** Directions for this task **
Quote exactly the lines running from the line with "Manfinity Men Drawstring" to the end of the entries, including both, and nothing else.

─── Given data ───

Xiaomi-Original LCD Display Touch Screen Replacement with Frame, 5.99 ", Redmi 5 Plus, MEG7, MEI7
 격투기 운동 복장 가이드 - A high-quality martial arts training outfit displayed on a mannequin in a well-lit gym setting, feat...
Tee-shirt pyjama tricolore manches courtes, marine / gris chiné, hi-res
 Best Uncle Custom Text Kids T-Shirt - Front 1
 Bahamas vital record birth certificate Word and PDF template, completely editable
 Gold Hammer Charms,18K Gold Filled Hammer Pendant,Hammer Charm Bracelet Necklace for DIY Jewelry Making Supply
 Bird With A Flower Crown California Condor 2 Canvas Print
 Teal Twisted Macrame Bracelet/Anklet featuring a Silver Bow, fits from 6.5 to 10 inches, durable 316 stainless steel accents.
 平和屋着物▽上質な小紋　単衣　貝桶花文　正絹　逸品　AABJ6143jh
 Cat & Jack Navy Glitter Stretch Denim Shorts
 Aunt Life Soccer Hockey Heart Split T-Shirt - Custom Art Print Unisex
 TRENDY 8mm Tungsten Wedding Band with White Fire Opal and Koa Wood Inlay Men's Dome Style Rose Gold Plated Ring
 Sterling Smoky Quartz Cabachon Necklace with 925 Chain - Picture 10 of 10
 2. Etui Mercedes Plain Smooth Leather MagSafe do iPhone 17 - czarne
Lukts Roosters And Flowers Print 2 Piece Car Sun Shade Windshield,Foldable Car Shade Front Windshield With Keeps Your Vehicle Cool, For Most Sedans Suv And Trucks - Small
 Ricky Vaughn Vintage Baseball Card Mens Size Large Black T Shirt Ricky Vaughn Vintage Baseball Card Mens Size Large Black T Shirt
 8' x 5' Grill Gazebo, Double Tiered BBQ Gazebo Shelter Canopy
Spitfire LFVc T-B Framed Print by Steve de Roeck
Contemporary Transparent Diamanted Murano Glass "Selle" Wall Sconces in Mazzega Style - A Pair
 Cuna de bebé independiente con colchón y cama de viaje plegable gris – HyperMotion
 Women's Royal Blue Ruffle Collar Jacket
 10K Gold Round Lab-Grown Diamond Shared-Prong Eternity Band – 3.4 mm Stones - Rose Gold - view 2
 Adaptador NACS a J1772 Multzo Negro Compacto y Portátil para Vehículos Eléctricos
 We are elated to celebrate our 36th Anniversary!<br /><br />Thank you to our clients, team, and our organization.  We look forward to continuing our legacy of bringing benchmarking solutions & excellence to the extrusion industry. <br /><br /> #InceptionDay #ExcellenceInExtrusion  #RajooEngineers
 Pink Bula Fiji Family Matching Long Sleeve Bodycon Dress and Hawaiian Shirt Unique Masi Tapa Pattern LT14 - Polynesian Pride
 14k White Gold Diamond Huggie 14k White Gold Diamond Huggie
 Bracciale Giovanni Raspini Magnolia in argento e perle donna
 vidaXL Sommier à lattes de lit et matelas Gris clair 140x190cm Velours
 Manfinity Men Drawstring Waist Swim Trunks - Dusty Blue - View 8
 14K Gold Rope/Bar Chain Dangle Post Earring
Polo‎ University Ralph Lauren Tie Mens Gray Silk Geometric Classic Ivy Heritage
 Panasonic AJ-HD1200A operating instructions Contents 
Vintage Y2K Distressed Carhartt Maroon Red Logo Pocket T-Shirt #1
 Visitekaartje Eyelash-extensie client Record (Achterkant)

───

** Output for this exercise **
 Manfinity Men Drawstring Waist Swim Trunks - Dusty Blue - View 8
 14K Gold Rope/Bar Chain Dangle Post Earring
Polo‎ University Ralph Lauren Tie Mens Gray Silk Geometric Classic Ivy Heritage
 Panasonic AJ-HD1200A operating instructions Contents 
Vintage Y2K Distressed Carhartt Maroon Red Logo Pocket T-Shirt #1
 Visitekaartje Eyelash-extensie client Record (Achterkant)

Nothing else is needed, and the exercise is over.